Resolution at ingest time means downstream code keeps a plain f64. No Option propagates further.

Validation

  • Outcome::scores_with_sigma(_, sigma) debug-asserts sigma > 0.0 at construction.
  • History::add_events debug-asserts the resolved sigma is > 0.0 (catches both inherited and overridden paths).
  • HistoryBuilder::score_sigma(s) keeps its existing positive assertion.

The default sigma at the History level (1.0) is positive, so an event with sigma = None against a default-built History always passes the resolved-sigma assertion trivially.

Pattern-match update inventory

Every site that destructures Outcome::Scored(_) as a tuple needs updating. Known sites:

  • src/outcome.rs: the team_count(), as_scores(), as_ranks() match arms (src/outcome.rs:51, :58, :64).
  • src/history.rs:735: the conversion arm (this is also where the resolution rule lands).
  • Any test in src/outcome.rs test mod that constructs Outcome::Scored(...) literally.
  • Any callsite in src/, tests/, examples/, benches/, src/game.rs that pattern-matches the variant.
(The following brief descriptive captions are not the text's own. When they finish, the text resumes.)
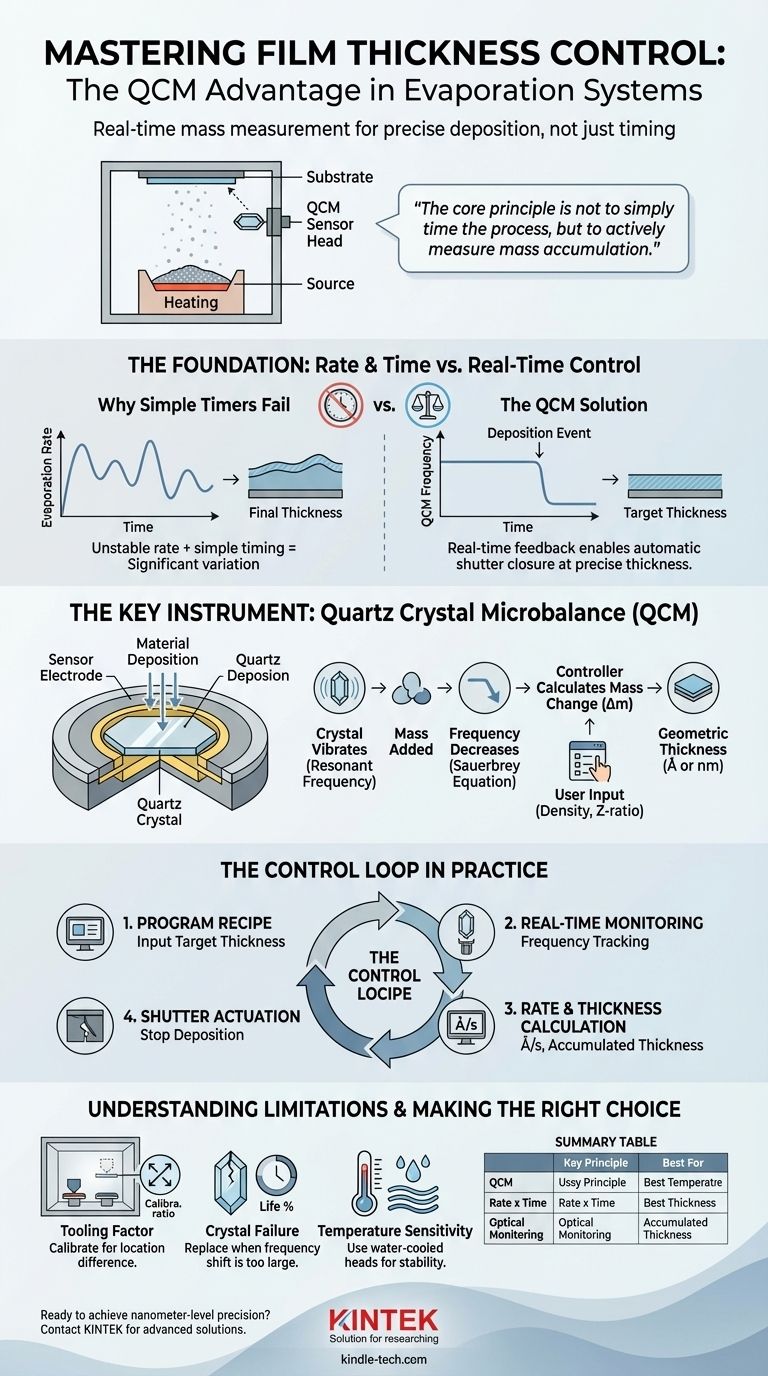 증착 시스템에서 박막 두께는 어떻게 제어됩니까? 정밀하고 반복 가능한 박막 증착 달성 시각적 가이드
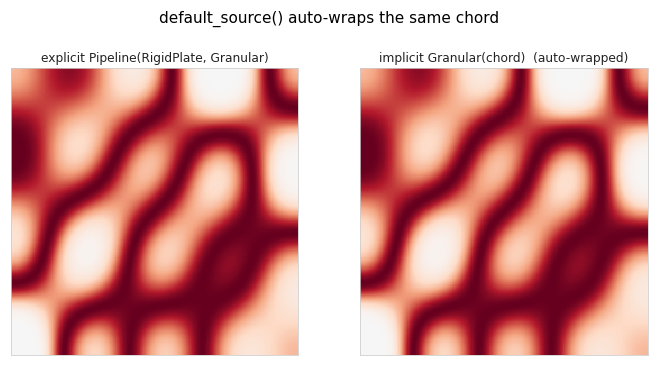 ../../_images/3d15138f6e0bab90d539a242add72f16726f2983b366a330ed0c37aea7f8c0c2.png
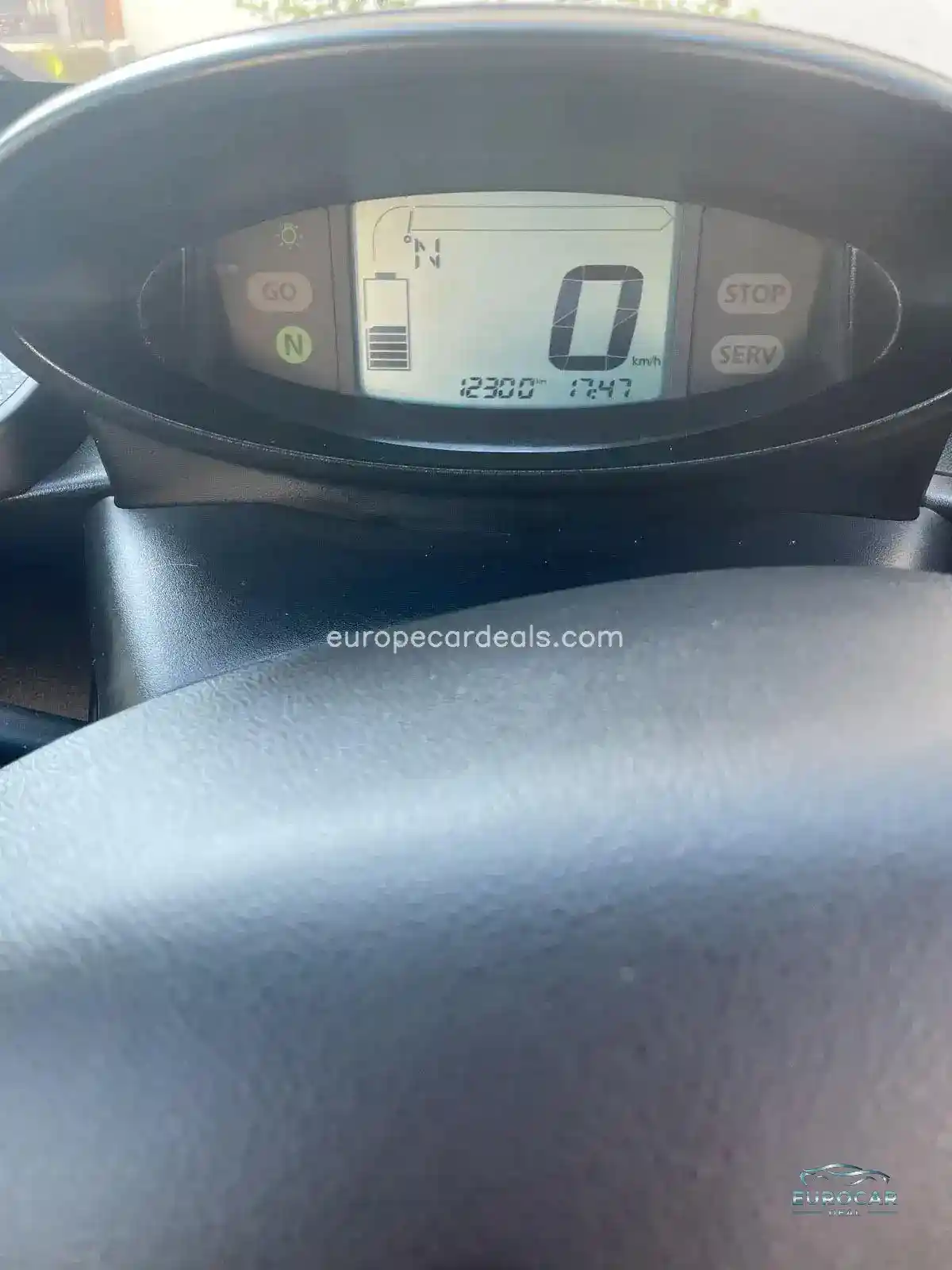 Renault Twizy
The compiler surfaces every site at cargo build. Locating them is mechanical.

Testing strategy

Regression net

Existing 100 lib + 27 integration tests are the bit-equal regression net for the sigma = None path. Every existing test that uses Outcome::scores(...) or EventBuilder::scores(...) should continue to produce identical posteriors — the resolved sigma equals the history default (which equals what the hardcoded path produced).

New tests

Three additions in the src/history.rs test module:

  1. outcome_scores_default_sigma_uses_history_default — build a History with score_sigma(0.5), add a 2-team event via Outcome::scores([3.0, 1.0]) (no override), capture posteriors. Build a second History identical except using Outcome::scores_with_sigma([3.0, 1.0], 0.5) (override matches default). Assert posteriors are bit-equal across the two paths.

  2. outcome_scores_with_sigma_overrides_history_default — build a History with score_sigma(0.5), add an event via Outcome::scores_with_sigma([3.0, 1.0], 2.0). Build a second History with score_sigma(2.0) and add the same event via Outcome::scores([3.0, 1.0]). Assert posteriors are bit-equal. Then build a third History with score_sigma(0.5) and add via Outcome::scores([3.0, 1.0]) (no override). Assert this third one's posteriors differ measurably from the override path (max diff > 1e-6) — proves the override actually changes inference.

  3. event_builder_scores_with_sigma_threading — same shape as #2 but constructed via the fluent builder h.event(0).team(["a"]).team(["b"]).scores_with_sigma([3.0, 1.0], 2.0).commit(). Proves the builder method works end-to-end.

Pattern-match update test impact

Existing tests in src/outcome.rs that construct Outcome::Scored(...) literally need updating to the struct shape. Mechanical change; no new tests required.

Verification gates

cargo +nightly fmt
cargo clippy --all-targets -- -D warnings
cargo test --lib
cargo test

Test count grows by 3.

Risks

  • Public API breaking change. Outcome::Scored variant shape changes from tuple to struct. Any downstream consumer pattern-matching on the tuple form breaks. In a 0.1.x crate this is acceptable; flag it in the commit message.
  • Mechanical breadth. The pattern-match updates touch several files. They're all caught by the compiler so the risk is low, but the diff will look bigger than the actual logical change.
  • Two ways to do the same thing. Outcome::scores_with_sigma(..) and EventBuilder::scores_with_sigma(..) both produce the same outcome. This is intentional — the constructor is the underlying primitive; the builder method is the ergonomic wrapper. Same pattern as the existing Outcome::scores(..) / EventBuilder::scores(..) pair.

Out-of-scope follow-ups

  • Per-event override of other config currently history-wide (p_draw, drift, beta) — same architectural pattern would apply but each is its own design decision.
  • Validation upgrade from debug_assert! to a Result at the Outcome construction boundary.
  • Schedule trait integration with run_chain, Residual schedule, SynergyFactor (still pending from the larger spec).